Real reasons why people don’t volunteer

Deborah Finn, who moderates the Mission-Based Massachusetts yahoogroup, pointed us to a blog entry about Information Age volunteerism by Ben Rigby, a cofounder of the Extraordinaries. It combined with the comments are interesting. Like the commenters, I think that a combination of new and old ways of volunteerism is needed.
I also posted this comment about real reasons why people don’t volunteer:
I founded and run People Making a Difference (https://www.pmd.org) in Boston to remove the common barriers to direct service volunteerism while providing effective recruiting and volunteer group management services that bring real value and non-redundant assistance to the mostly small charities we serve.

Though I am quite familiar with the traditional, survey responses as to why people say they do not volunteer, I no longer believe these for the most part. It seems like respondents are giving the same excuses because the survey instrument offers these standard, superficial choices about not having time, being unasked, etc. when the underlying reason is that most who do not volunteer have yet to become motivated. As Ben points out, if people have time to watch tv (I’ll add: and they are not responsible for caring for family members), then most can and will make time to help with something for which they are passionate (cause or tasks) and for which the experience is positive. And the easier the entry point, the easier it is to get started.

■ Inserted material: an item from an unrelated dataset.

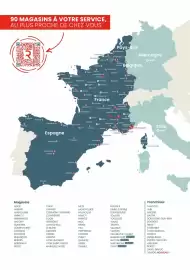 Catalogue Retif page 279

Motivation is a shared responsibility between nonprofits and potential volunteers. As others have already pointed out, nonprofits need to define and to articulate accurately what help is needed, provide the internal support to make it possible, structure/market the opportunities attractively like the Extraordinaries is attempting, and select people best suited to help. (Few for-profits expect their employees to be productive as quickly and stay on staff with as little as the nonprofit sector allocates for volunteers, whether in strategic planning, budgets, supervision, work space, etc.) Likewise, potential volunteers need to figure out, sometimes by trial and error, what inspires them and how they can contribute meaningfully. When they find a rewarding volunteer position, most people will stick with it, finding a way to contribute unless their personal circumstances change (commonly in Boston, they move too far away).

I admit that I am concerned about the statistical “problem” with low volunteer retention, but I wonder if this is partly a side effect of the trial and error when people seek a “volunteer placement of a lifetime.” Just as most people date before they marry, moving on to volunteering somewhere else is not necessarily a sign that the original volunteer position was bad, just that the fit perhaps wasn’t great for that person. And while the nonprofit and person could do more to try to “save the marriage,” the easiest path is usually to split up and try again. (Of course, if the experience is really horrible, some people give up and don’t try again.) People often become unmotivated because they don’t understand how they make a difference, so PMD project managers articulate this a lot before, during, and after people volunteer, which seems to work, but is much easier to implement during 3-7 hour, one-time volunteer experience as compared to once every week.

One last thing: We should make entry to volunteerism easy, but also maintain high standards. At PMD, while we do let anyone sign up 10-31 days before a PMD service project, we promote “informed and responsible volunteerism” to raise the proverbial bar on one-time volunteers since we are investing limited resources into organizing high quality, free service opportunities for both participants and recipient charities. I often talk/blog about doing more good than harm, like the direct consequences of not showing up as committed, and so we have 90-100% participation. No matter what volunteers are expected to do, all nonprofits should set high standards out of respect to the people, places, and others we aim to assist, and explain our rationale. Implementation will vary from requiring 40 hours of technical training with certification to basic reference checking about people’s ability to do what they say they can do to help, then supervision with checks and balances to review volunteer performance along the way.